DateTime Picker - A Feature-Rich DateTime Picker Component For Twitter Bootstrap - Hirvesh
http://www.malot.fr/bootstrap-datetimepicker/
======
Hirvesh
[Check out <http://www.functionn.in> for more web resources to keep you
functionn.in']

DateTImer Picker is a feature-rich DateTime Picker for Twitter Bootstrap. It
allow you to find DatePickers to form fields and has view for the following
time lapses: Decade, Year, Month, Day, and Hour views.

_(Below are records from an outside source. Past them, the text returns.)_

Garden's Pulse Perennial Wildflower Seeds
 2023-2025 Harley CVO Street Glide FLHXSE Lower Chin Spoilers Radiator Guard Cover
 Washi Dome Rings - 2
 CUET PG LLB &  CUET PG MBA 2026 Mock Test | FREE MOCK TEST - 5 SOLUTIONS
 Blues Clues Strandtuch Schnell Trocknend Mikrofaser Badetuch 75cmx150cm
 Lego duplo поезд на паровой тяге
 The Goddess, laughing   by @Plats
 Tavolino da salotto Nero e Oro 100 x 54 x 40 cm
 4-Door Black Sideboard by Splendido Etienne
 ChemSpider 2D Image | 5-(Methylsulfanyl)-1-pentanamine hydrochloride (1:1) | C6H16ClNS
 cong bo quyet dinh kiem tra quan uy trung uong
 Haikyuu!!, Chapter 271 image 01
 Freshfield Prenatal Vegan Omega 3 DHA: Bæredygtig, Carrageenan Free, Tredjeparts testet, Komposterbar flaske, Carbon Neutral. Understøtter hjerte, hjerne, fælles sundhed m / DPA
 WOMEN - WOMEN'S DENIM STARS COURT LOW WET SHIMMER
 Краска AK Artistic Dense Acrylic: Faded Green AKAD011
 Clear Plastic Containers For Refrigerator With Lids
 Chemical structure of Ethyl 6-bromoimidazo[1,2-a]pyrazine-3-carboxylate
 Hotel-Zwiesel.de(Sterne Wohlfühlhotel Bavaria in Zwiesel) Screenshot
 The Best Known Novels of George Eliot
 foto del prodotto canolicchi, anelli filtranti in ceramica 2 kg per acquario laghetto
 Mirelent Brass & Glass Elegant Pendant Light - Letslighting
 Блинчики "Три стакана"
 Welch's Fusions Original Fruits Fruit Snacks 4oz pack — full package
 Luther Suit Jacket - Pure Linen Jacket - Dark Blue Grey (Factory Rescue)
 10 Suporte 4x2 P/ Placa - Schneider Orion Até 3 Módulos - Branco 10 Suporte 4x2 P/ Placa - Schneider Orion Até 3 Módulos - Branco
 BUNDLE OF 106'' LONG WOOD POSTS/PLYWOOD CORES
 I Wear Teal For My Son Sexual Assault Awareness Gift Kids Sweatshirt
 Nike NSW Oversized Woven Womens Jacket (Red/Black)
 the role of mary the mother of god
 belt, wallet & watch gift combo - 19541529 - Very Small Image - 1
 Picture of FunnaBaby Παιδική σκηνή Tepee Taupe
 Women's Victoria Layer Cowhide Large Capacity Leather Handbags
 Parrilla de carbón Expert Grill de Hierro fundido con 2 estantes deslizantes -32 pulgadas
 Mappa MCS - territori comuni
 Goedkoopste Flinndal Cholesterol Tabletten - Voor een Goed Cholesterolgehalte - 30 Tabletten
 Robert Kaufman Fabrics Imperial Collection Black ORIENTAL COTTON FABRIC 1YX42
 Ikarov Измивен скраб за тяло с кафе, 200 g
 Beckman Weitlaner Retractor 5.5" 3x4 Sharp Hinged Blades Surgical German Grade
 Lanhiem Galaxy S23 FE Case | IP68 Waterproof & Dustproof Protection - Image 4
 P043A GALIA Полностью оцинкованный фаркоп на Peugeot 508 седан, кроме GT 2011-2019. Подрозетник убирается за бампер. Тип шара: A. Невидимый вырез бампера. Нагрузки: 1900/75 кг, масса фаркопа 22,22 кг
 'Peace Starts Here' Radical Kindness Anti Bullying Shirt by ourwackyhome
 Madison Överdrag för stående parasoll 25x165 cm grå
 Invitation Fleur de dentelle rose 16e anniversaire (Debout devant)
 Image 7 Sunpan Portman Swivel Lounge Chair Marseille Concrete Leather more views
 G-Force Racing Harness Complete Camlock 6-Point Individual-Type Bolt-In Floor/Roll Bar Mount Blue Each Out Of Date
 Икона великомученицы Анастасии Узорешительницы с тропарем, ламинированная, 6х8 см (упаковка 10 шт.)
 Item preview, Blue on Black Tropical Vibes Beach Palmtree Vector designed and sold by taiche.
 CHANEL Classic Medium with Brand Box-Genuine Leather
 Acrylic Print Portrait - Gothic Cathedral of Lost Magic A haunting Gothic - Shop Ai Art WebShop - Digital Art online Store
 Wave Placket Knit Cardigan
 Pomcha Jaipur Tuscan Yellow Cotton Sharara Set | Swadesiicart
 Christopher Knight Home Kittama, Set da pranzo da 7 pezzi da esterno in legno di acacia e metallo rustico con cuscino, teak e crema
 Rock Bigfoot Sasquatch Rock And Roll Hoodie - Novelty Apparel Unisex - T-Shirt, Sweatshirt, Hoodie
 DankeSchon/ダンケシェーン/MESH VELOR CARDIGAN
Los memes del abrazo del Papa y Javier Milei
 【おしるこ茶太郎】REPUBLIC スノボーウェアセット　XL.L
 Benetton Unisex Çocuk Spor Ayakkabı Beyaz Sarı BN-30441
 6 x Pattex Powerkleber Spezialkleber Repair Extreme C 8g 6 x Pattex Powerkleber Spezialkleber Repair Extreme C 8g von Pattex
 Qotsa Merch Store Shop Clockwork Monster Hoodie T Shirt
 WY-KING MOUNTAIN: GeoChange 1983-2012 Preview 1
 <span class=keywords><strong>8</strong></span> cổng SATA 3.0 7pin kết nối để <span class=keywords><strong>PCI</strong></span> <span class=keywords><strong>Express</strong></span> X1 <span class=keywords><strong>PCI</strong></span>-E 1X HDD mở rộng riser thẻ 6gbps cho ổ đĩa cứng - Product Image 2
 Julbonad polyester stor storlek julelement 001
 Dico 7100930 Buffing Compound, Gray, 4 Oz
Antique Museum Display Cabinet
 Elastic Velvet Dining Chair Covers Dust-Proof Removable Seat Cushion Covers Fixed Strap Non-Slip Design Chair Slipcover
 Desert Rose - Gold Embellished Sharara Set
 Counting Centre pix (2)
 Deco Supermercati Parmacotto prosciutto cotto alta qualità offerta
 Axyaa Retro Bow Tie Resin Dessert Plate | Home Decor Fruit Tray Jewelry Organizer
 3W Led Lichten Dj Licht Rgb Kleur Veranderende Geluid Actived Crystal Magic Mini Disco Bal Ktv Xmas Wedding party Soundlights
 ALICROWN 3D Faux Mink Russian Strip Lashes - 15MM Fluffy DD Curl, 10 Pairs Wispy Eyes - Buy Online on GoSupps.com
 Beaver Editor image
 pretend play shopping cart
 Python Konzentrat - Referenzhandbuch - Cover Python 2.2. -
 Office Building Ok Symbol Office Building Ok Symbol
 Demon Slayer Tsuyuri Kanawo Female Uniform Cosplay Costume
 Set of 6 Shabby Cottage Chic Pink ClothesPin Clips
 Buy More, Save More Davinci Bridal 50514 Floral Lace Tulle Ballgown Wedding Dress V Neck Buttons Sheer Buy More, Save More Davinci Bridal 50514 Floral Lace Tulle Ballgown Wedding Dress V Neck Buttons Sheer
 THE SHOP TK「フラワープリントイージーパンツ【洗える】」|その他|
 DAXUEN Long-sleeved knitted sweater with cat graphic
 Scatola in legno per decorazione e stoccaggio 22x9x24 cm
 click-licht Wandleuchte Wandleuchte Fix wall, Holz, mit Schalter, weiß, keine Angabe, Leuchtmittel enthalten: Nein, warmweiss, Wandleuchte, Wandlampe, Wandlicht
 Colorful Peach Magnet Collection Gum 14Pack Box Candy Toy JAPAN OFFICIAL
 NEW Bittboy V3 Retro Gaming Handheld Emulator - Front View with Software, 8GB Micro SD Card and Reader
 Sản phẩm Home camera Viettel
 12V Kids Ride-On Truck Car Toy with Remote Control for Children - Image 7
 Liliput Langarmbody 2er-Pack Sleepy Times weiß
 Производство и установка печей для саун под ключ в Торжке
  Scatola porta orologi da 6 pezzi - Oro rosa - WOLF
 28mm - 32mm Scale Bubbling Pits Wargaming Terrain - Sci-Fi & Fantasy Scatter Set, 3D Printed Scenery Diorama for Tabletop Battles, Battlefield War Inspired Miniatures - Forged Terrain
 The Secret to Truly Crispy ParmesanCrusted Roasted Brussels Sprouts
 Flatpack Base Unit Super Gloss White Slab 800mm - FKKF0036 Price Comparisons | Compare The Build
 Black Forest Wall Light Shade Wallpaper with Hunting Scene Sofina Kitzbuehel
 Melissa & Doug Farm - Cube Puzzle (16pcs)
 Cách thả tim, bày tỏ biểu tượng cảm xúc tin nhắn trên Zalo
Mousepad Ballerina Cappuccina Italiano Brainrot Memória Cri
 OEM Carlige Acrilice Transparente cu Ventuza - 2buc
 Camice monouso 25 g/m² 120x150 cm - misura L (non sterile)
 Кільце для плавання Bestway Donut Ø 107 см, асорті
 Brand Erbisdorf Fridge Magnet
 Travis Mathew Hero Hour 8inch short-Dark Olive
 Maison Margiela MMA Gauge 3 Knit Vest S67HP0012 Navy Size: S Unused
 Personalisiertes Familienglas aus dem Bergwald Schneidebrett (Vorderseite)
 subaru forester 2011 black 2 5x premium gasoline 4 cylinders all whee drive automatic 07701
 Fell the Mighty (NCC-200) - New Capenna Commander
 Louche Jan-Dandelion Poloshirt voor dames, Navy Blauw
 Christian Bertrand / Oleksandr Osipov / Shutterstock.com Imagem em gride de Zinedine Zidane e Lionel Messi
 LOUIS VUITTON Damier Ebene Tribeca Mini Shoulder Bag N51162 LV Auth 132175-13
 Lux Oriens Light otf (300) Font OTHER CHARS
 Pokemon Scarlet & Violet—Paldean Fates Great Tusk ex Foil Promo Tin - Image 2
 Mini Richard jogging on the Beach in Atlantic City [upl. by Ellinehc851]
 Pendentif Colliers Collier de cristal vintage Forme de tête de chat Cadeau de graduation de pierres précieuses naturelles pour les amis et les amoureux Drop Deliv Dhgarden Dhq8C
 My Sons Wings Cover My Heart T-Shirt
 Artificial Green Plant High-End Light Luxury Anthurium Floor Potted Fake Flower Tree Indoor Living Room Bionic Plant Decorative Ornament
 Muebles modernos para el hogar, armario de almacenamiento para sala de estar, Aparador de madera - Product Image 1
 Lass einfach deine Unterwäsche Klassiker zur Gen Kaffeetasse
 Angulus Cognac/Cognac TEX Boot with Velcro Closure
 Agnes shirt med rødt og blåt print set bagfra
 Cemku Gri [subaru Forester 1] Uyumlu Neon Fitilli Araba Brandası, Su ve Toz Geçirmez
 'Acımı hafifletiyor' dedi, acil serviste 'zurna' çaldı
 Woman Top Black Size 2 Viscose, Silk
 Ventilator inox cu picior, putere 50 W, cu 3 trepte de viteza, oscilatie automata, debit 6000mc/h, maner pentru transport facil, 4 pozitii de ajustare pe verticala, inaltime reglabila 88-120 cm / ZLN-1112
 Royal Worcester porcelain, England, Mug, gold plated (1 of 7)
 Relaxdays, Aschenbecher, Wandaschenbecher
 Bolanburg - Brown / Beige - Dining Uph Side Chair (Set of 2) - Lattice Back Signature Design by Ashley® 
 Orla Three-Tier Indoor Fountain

DateTImer Picker also provides keyboard navigation support. Using the
left/right key updates the calendar by one day. The up/down keys update the
calendar by one week.

Using the shift key and pressing up/left will move the calendar back one
month. Using the shift and down/right key will move the calendar forward one
month.

Using the control key, and the up/left key moves the calendar backward one
year and the control and down/right key moves the calendar forward one year.

------
pknight
I don't find the time selection very intuitive, it's not clear what dialog
happens next when you click on a date or time etc I'd rather just have all the
controls for date and time in a single dialog and a button that confirms the
selection. Also, with the arrows next to the date, it's unclear if pressing it
will skip to the next date, month, day or hour. There's no way to know in
advance unless you're already very familiar with the controls.